Segment Start: EXERCISE DATA

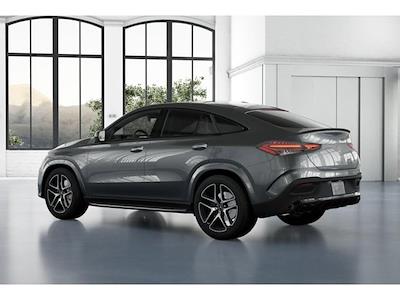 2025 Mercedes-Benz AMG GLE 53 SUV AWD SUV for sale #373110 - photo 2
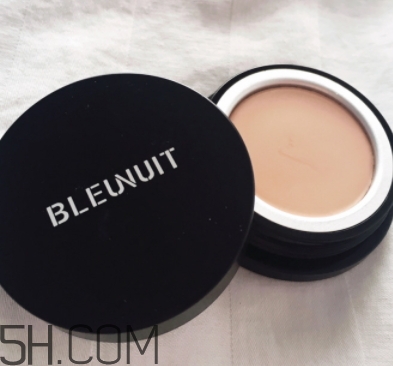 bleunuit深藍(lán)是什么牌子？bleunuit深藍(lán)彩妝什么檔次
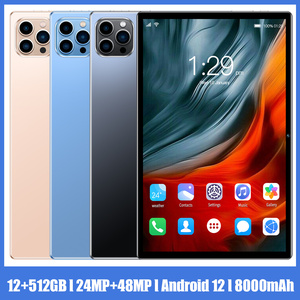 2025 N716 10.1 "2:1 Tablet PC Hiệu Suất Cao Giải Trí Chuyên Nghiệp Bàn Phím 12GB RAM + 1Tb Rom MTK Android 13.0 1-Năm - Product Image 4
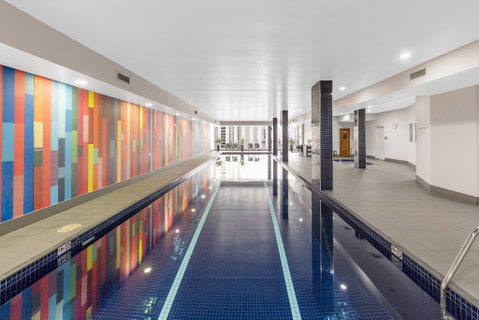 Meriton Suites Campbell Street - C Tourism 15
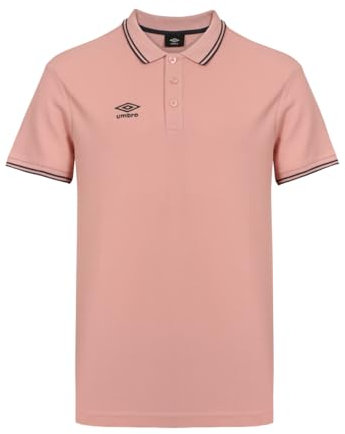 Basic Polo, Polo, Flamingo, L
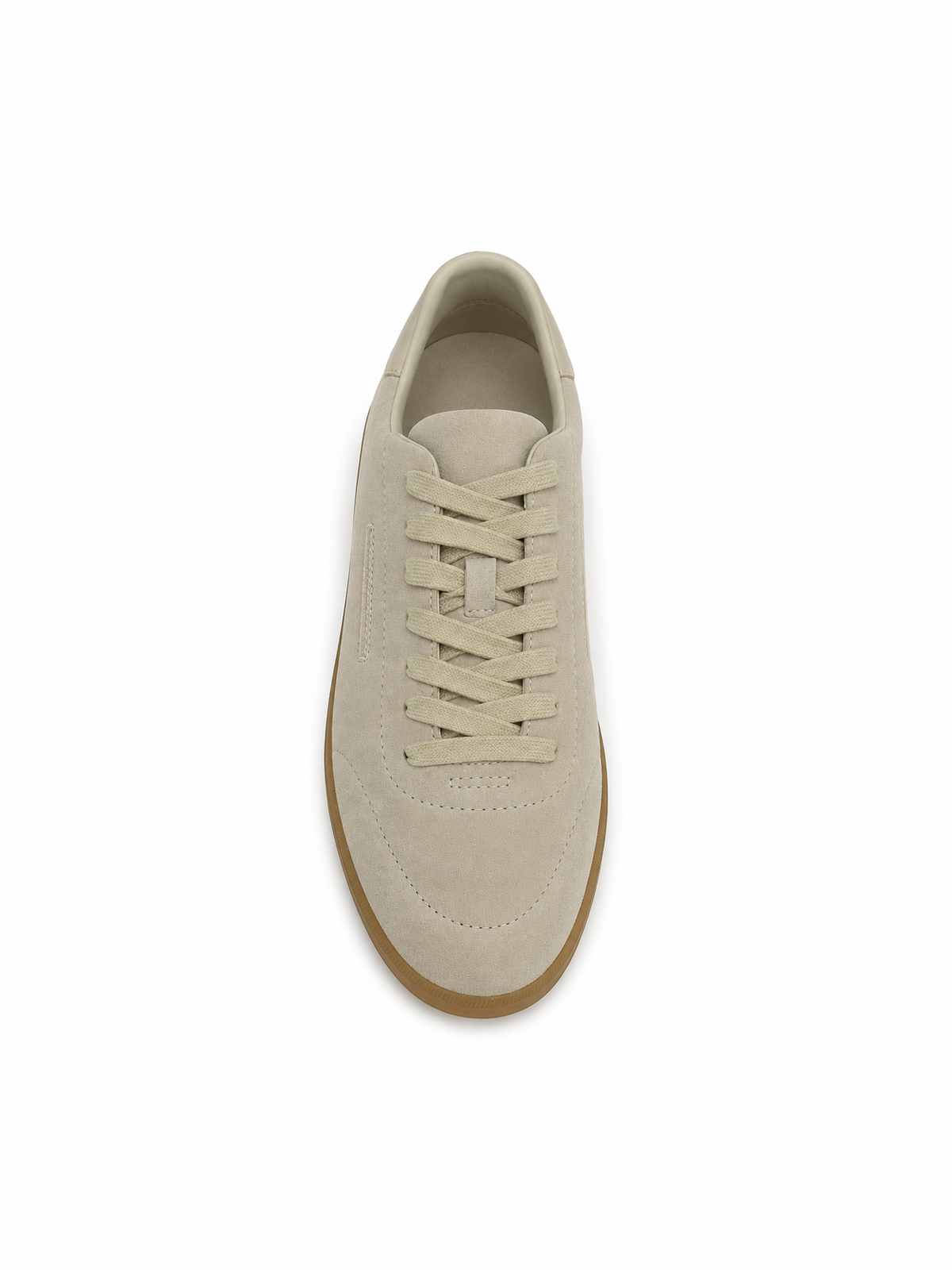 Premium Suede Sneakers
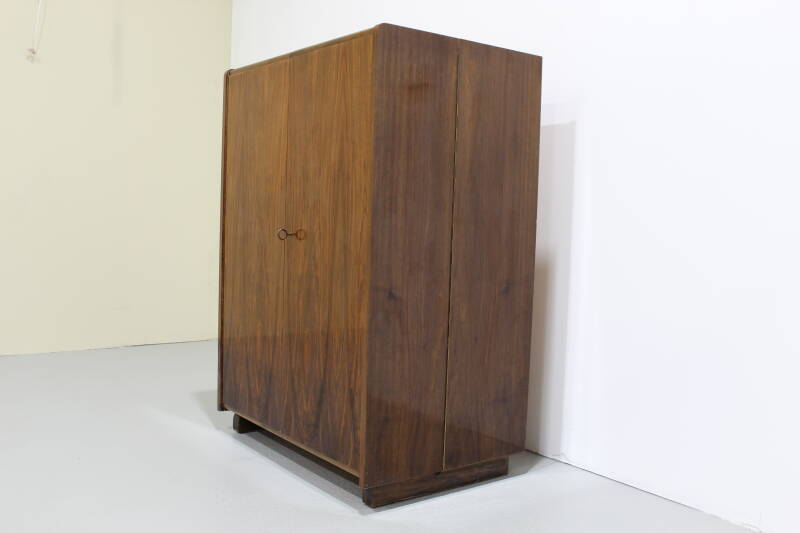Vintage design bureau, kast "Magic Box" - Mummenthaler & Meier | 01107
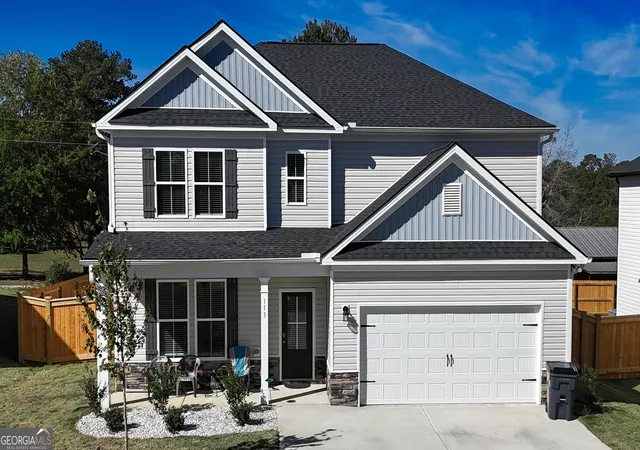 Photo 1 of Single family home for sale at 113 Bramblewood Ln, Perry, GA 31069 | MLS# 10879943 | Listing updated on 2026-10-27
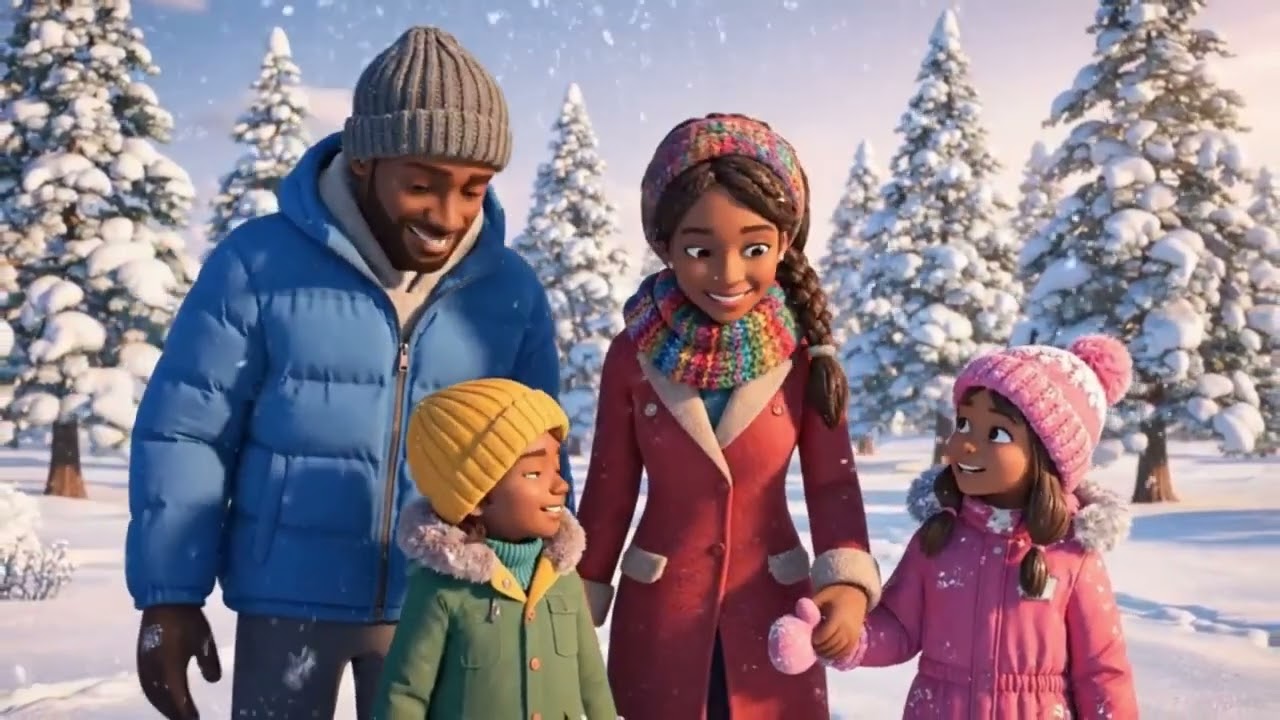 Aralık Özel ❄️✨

Segment End: EXERCISE DATA

* [TASK DESCRIPTION]: From the line containing "bleunuit深藍(lán)是什么牌子" through the last line of the records, both included, output those lines exactly and nothing else; skip the pictures.

* [SOLUTION FOR THIS TASK]:
 bleunuit深藍(lán)是什么牌子？bleunuit深藍(lán)彩妝什么檔次
 2025 N716 10.1 "2:1 Tablet PC Hiệu Suất Cao Giải Trí Chuyên Nghiệp Bàn Phím 12GB RAM + 1Tb Rom MTK Android 13.0 1-Năm - Product Image 4
 Meriton Suites Campbell Street - C Tourism 15
 Basic Polo, Polo, Flamingo, L
 Premium Suede Sneakers
Vintage design bureau, kast "Magic Box" - Mummenthaler & Meier | 01107
 Photo 1 of Single family home for sale at 113 Bramblewood Ln, Perry, GA 31069 | MLS# 10879943 | Listing updated on 2026-10-27
 Aralık Özel ❄️✨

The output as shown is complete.